The Hungarian mixed grill or Fatányéros is a traditional Hungarian mixed meat barbecue dish (or pecsenye in Hungarian), originating from Transylvania.

The dish Fatányéros was on the menu since 1900 at the famous restaurant Wampetich (later Gundel) in the City Park (Városliget) in Budapest, as "fatányéros—Hungarian mixed grill on wooden platter". The dish was served on wooden platter, and contained grilled slices of veal, beef, pork cutlets, and a slice of goose liver and a slice of bacon—grilled or roasted on a spit. As a side dish french fries or thick slices of fried potatoes are served, together with fresh mixed green salad, with a big knife with Hungarian motives stuck in the middle of the steak.
 
Steaks called pecsenye are part of the traditional Hungarian cuisine and may refer to any kind of pan fried meat: pork, beef, poultry or game. Other Hungarian pecsenye or steaks are for example Cigánypecsenye (Gypsy roast).

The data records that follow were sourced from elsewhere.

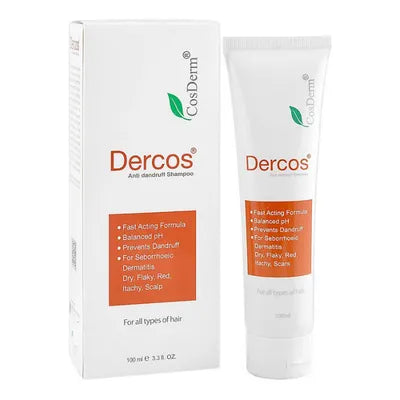 DERCOS SHAMPOO 130ML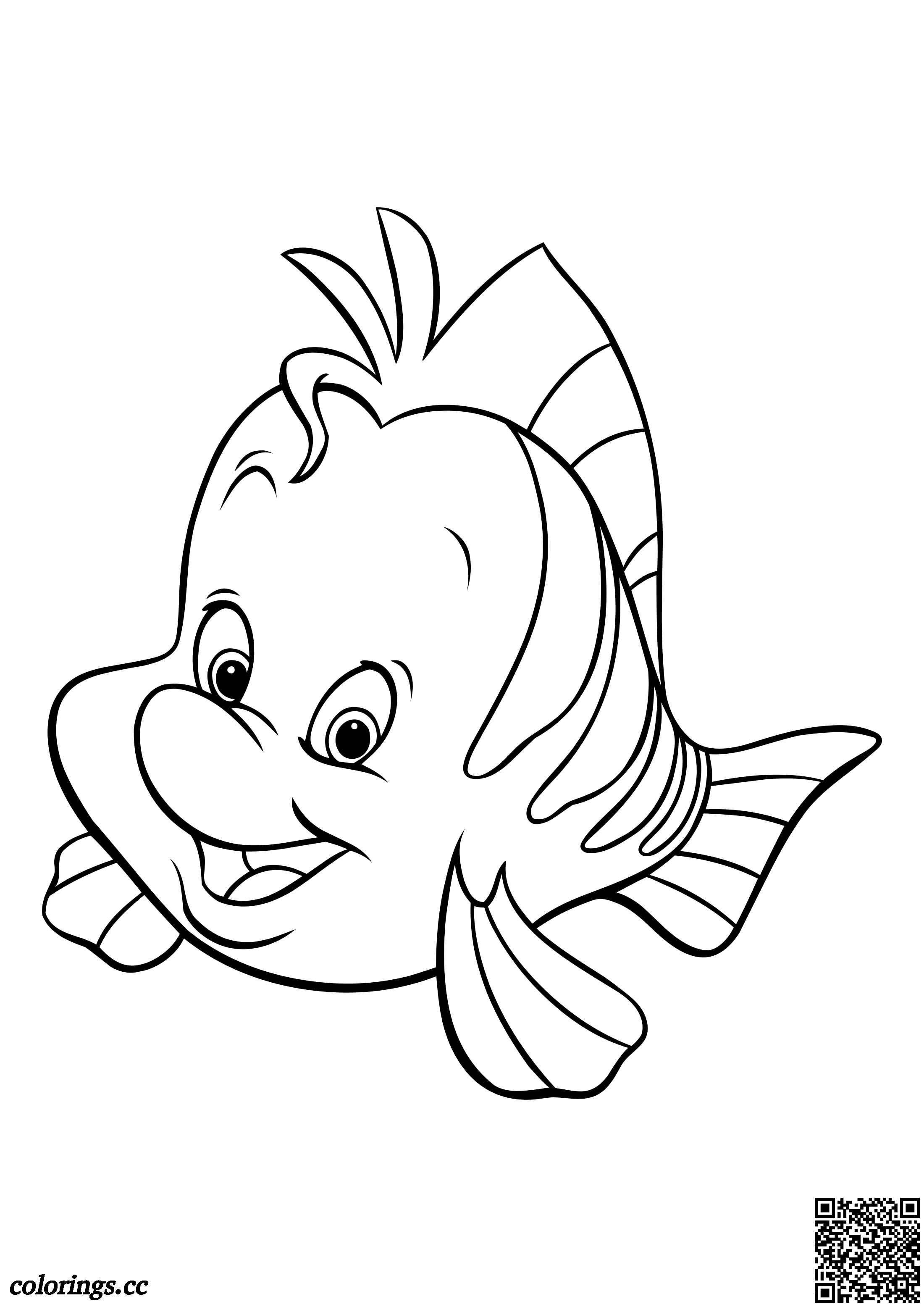 130+ Ariel Mermaid Coloring Pages for Disney Fans 61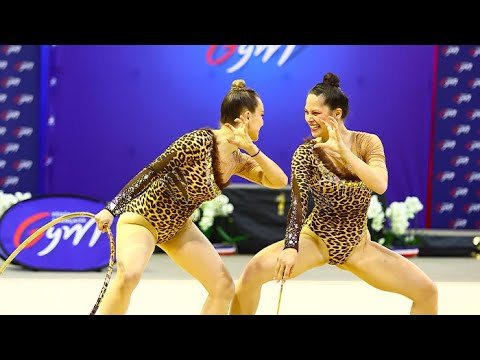 Duo National TC GR SUR ILLE SAINT GRÉGOIRE - Vices championnes de FRANCE Mulhouse 2023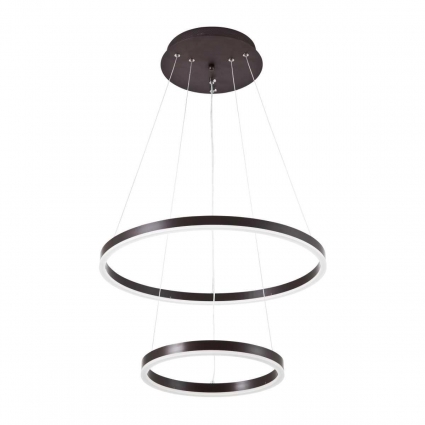 Подвесной светильник LED4U L55000-2HL BR в стиле модерн, мощность 100 Вт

These steaks are often served on a wooden platter, like Bakonyi pecsenye, Tordai pecsenye or Erdélyi fatányéros, arranged in a very decorative way with garnishing, fried vegetables and salad. 

The dish is popular in Sweden as plankstek (lit. "plank-steak"), and was at its height of popularity there in the 1970s. In Sweden, it is commonly served with duchess potatoes, vegetables, and Béarnaise sauce.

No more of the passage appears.